There sits a pallid Boy, with thin white lips,
And, spectre-like, his hand is on a Dog
As meagre as himself, the only thing
That he will let to share his solitude.
This was not always so;—when the last Spring
Gave her first kiss to Summer, there were none
More happy than his Father and that Boy,—
He had a Father then! and there was not
A neater cottage, or a garden where
Were fruit or flowers more plenty, in the vale.
They were not poor;—can that be poverty
Where each day brings its own? there is no food
Like that ourselves have gained, no sleep like that
Which is the rest of labour. It was worth
A day of toil to sit, as they would sit,
Through the long winter evenings, by a fire
Less bright than the glad face of the fair Child
Who sat beside his Father, listening
With eager eyes to the strange tales which he,
A sailor in his youth, could tell; or else,
In gentler tones, heard how his Mother died
The very day that first he lisped her name.
And yet more pleasant on a summer eve
To sit in the cool shade of their own door,
While Edward, quite forgetful of how tired
He had been in the morning, would start up
And join and win his young companions' race,
His Father watching, proud of each fleet step.
They never seemed apart, for Edward was
His own dear parent's shadow—labour was
A pleasure by his side; and oftentimes
He would leave all his sports, and fondly steal
To his most happy Father, whose whole life
Was centered but in his. There is no tie
Like that last holiest link of love, which binds
The lonely child to its more lonely parent.

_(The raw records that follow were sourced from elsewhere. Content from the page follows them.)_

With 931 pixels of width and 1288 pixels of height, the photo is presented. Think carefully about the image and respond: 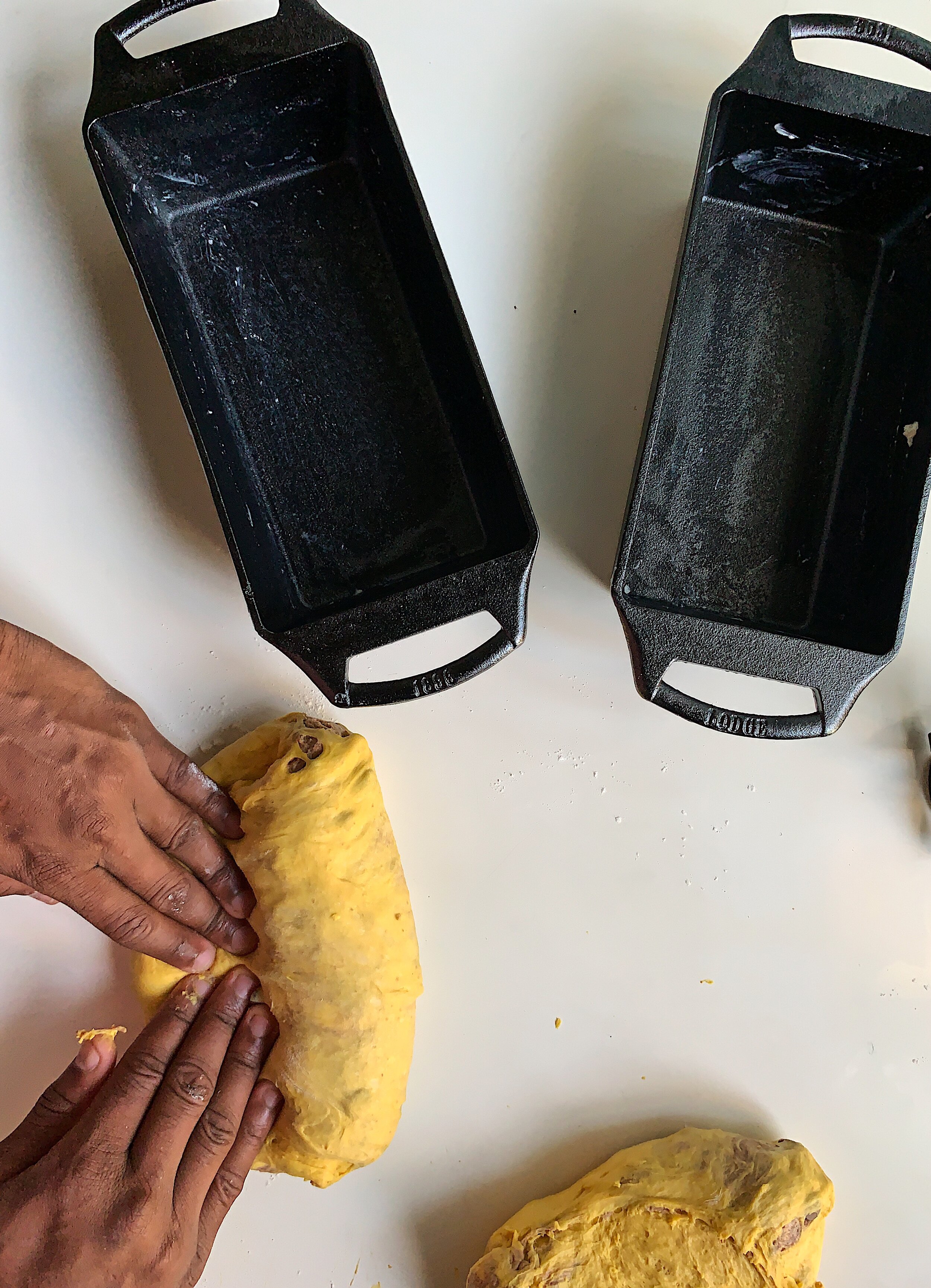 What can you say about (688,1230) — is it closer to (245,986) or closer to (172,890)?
(245,986)

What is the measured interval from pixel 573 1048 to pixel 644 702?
541mm

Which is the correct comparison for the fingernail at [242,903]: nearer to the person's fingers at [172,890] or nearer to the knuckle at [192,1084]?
the person's fingers at [172,890]

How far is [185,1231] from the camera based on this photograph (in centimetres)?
111

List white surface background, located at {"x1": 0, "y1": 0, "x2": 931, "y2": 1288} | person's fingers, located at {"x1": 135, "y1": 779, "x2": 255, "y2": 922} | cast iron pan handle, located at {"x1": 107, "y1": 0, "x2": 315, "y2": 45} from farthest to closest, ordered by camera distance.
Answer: white surface background, located at {"x1": 0, "y1": 0, "x2": 931, "y2": 1288}, person's fingers, located at {"x1": 135, "y1": 779, "x2": 255, "y2": 922}, cast iron pan handle, located at {"x1": 107, "y1": 0, "x2": 315, "y2": 45}

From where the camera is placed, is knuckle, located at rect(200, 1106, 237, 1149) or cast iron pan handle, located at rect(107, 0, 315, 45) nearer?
cast iron pan handle, located at rect(107, 0, 315, 45)

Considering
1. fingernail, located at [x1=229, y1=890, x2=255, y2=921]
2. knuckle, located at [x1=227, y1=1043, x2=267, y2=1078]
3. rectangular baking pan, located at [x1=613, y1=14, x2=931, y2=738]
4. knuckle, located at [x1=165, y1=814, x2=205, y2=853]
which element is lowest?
knuckle, located at [x1=227, y1=1043, x2=267, y2=1078]

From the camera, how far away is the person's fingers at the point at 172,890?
109 centimetres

One day young Edward sought the neighbouring town,
With charge and promise of a swift return;
And when the sunshine of a July noon
Fell hot upon the earth, his Father left
His solitary labour; the blue sky
Was darkened with a shadow, and the air
Weighed heavy on the brow, and made breath pain,
He entered the low cottage to prepare
Their meal for his tired boy, when suddenly
He heard a sound of thunder from the hills
Roll o'er the valley; looking out, he saw
A black cloud on the sun. While yet he gazed,
Like an imprisoned spirit bursting forth,
Swept a blue flood of lightning o'er the sky.

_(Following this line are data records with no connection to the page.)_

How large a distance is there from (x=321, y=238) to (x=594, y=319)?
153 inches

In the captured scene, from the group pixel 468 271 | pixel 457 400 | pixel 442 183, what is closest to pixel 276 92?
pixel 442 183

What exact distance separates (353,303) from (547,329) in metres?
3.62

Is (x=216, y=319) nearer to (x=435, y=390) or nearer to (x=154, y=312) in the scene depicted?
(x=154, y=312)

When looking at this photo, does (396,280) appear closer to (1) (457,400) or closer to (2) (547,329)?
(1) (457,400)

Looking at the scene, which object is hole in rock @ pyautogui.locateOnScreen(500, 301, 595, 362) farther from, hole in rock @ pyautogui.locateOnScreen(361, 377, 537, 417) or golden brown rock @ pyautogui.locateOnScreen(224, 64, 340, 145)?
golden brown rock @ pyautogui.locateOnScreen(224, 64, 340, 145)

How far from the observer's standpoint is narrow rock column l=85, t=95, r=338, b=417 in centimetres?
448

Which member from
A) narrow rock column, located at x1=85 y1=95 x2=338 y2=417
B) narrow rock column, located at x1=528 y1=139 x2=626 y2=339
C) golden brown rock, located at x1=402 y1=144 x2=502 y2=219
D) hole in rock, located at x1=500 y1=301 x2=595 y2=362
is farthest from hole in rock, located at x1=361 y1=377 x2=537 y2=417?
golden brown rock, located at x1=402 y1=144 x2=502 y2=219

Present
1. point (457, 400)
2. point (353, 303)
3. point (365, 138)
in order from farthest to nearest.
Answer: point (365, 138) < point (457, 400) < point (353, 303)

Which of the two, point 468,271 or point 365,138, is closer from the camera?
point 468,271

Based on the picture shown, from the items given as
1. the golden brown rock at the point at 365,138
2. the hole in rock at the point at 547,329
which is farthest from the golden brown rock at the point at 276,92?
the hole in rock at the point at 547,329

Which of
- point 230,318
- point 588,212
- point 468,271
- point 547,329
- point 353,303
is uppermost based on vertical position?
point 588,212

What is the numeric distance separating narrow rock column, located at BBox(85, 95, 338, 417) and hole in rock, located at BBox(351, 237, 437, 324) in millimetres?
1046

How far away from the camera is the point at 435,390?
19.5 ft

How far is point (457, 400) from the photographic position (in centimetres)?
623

His Edward—where was Edward? out he rushed—
Looked wistfully to the low garden gate,—
Shouted—then listened—till the heavy peal
Echoed him as in mockery. On a rise,
The limit of his little garden's stretch,
There stood a cherry-tree, now rich with fruit,—
It overlooked the land for miles around,
And from its branches he could see the path
Down which his child must come. He climbed the tree,
But never looked around; the bolt came down
And struck him in its anger,—he lay dead!—

The storm sank into silence, and the Boy,
Drenched, but unharmed, came home;—with one light bound,
Youth, health and happiness step on the wind,
He sprang beneath the porch. Was it surprise,
Or fear, or augury, that made him turn
Pale unto sickness as he looked around?
The cottage was quite empty, yet the door
Was open wide, the rain had washed the floor,
The dinner lay untouched, and on the hearth
The embers had burnt out; and, stranger still,
His Father's hat hung up. And Edward cried
Aloud in agony, and a long howl
Answered him from the garden, and he ran,

Led by the sound,—it was his dog had found
His master's corpse, and Edward knew his father.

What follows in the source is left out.